** TASK BRIEF **
Your answer should be the lines of the data below that contain "channel".

** THE RECORDS **
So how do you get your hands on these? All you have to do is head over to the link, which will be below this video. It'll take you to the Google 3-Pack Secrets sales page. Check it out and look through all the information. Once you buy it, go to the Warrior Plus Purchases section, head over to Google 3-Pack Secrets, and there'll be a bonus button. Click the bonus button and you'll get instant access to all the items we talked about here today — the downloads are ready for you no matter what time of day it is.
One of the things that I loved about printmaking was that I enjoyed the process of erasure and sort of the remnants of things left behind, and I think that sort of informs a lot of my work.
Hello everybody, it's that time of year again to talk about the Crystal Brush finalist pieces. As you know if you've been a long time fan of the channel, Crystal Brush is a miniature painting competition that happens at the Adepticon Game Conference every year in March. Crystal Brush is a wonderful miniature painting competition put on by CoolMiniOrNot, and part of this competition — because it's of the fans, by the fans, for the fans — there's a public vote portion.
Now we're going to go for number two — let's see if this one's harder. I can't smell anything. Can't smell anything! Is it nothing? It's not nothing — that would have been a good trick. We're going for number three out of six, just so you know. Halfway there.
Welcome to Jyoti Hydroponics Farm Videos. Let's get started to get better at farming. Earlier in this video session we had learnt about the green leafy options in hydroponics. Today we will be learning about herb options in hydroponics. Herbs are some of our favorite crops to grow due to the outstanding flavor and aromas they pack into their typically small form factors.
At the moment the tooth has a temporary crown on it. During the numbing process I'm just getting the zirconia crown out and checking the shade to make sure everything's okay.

---

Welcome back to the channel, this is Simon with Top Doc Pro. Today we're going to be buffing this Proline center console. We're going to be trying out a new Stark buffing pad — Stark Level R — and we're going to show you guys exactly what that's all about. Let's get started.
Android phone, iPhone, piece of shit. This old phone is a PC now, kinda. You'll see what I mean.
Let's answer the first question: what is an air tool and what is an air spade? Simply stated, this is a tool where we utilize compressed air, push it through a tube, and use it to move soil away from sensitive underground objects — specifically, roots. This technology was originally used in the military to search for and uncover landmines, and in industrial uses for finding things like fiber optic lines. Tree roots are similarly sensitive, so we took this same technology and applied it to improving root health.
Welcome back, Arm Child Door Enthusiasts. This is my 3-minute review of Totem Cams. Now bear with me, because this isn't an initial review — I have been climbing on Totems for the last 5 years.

** RESPONSE BOX **
Hello everybody, it's that time of year again to talk about the Crystal Brush finalist pieces. As you know if you've been a long time fan of the channel, Crystal Brush is a miniature painting competition that happens at the Adepticon Game Conference every year in March. Crystal Brush is a wonderful miniature painting competition put on by CoolMiniOrNot, and part of this competition — because it's of the fans, by the fans, for the fans — there's a public vote portion.
Welcome back to the channel, this is Simon with Top Doc Pro. Today we're going to be buffing this Proline center console. We're going to be trying out a new Stark buffing pad — Stark Level R — and we're going to show you guys exactly what that's all about. Let's get started.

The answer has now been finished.